→ **Activity**
Reproduce the listing that follows in full. Omit its images.

→ **Information supplied**

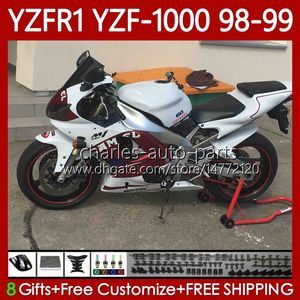 Motorcykelkropp för Yamaha YZF R 1 1000 CC YZF-R1 YZF-1000 98-01 Bodywork 82No.25 YZF R1 YZFR1 98 99 00 01 1000cc YZF1000 1998 1999 2000 2001 OEM Fairings Kit Camel Red Blk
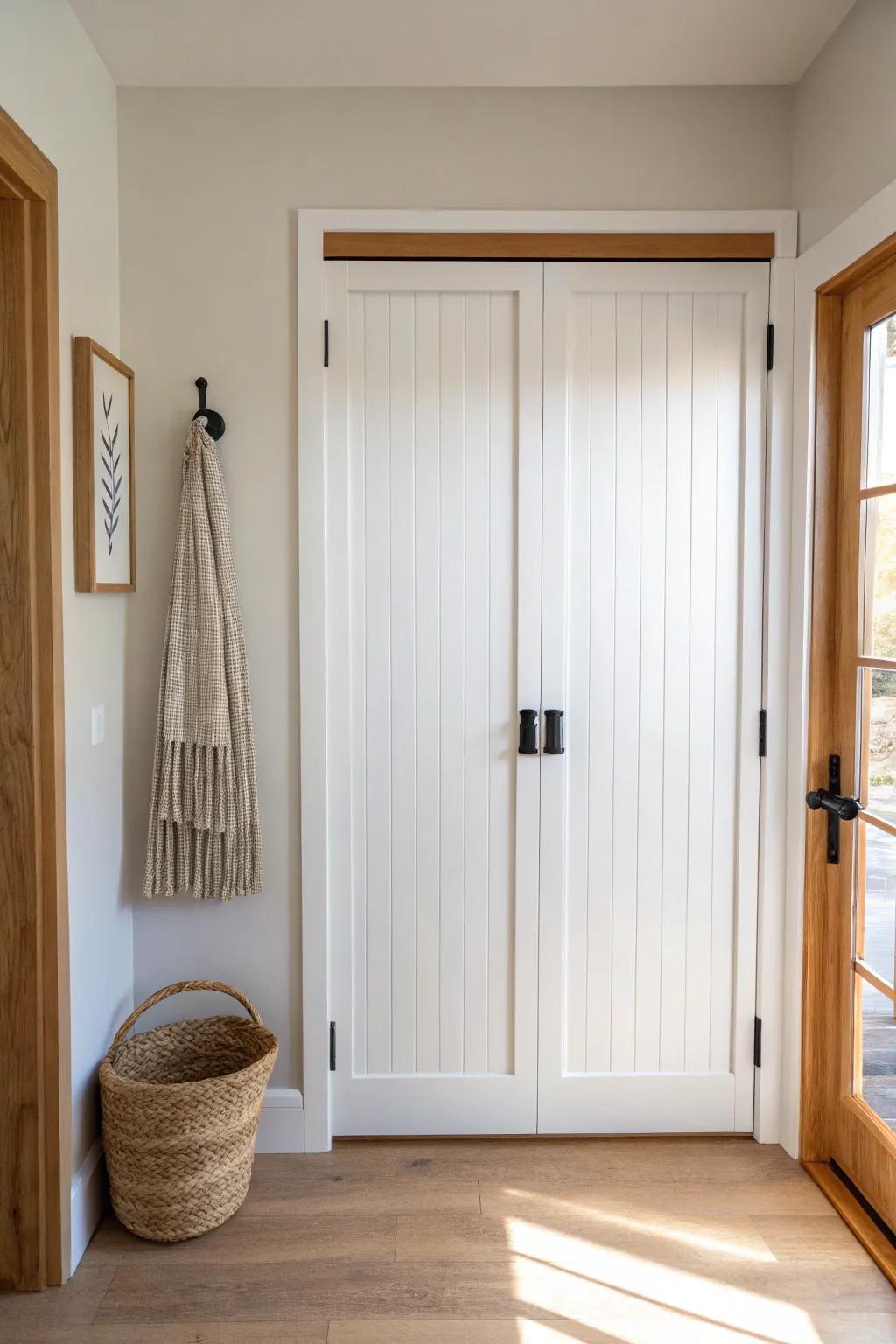 Cozy beadboard texture turns a plain laundry closet door into a calm, crafted statement.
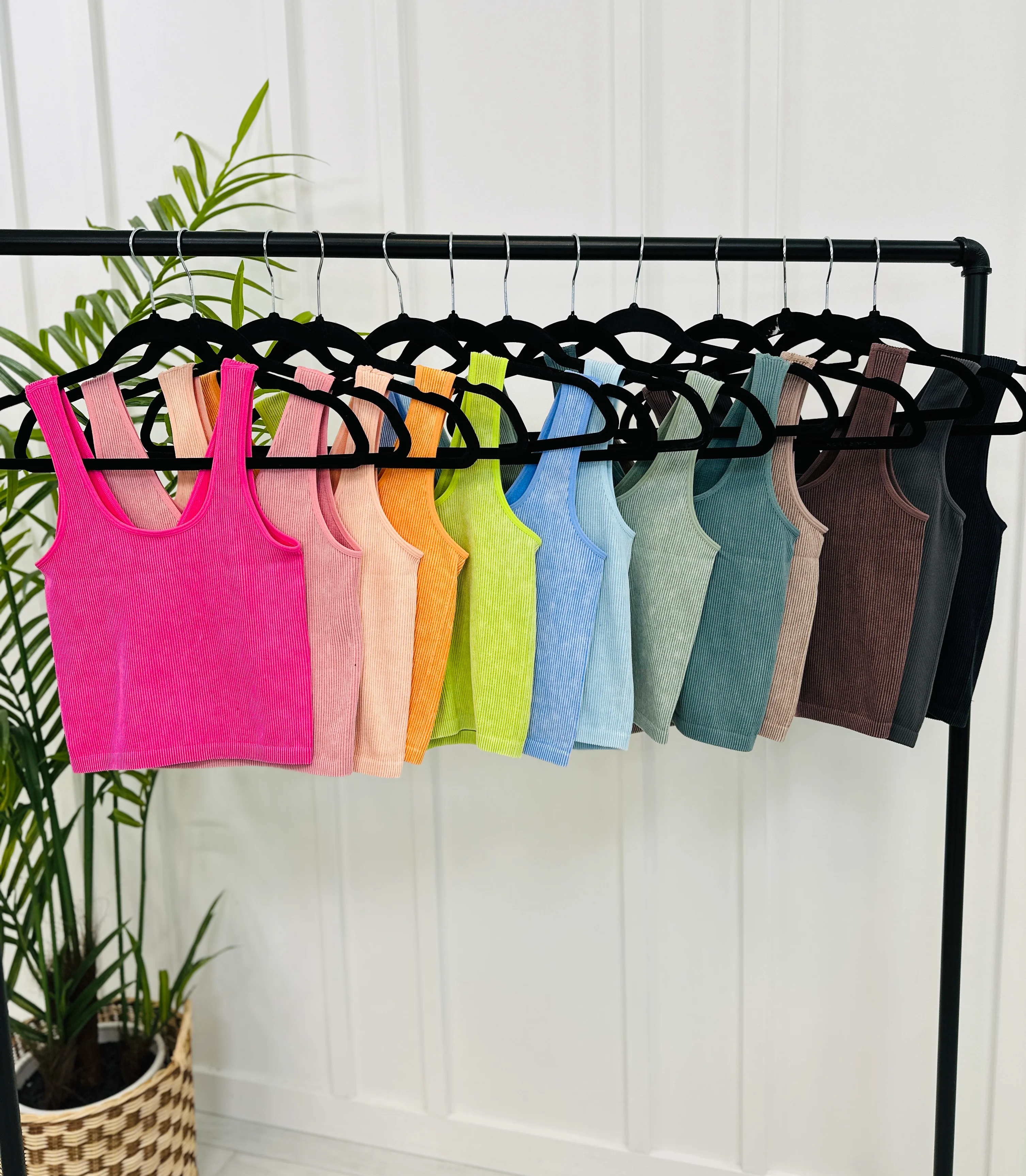 Seamless Reversible Stonewashed Ribbed Tank Top in Multiple Colors - Image 43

→ **Expected answer**
 Motorcykelkropp för Yamaha YZF R 1 1000 CC YZF-R1 YZF-1000 98-01 Bodywork 82No.25 YZF R1 YZFR1 98 99 00 01 1000cc YZF1000 1998 1999 2000 2001 OEM Fairings Kit Camel Red Blk
 Cozy beadboard texture turns a plain laundry closet door into a calm, crafted statement.
 Seamless Reversible Stonewashed Ribbed Tank Top in Multiple Colors - Image 43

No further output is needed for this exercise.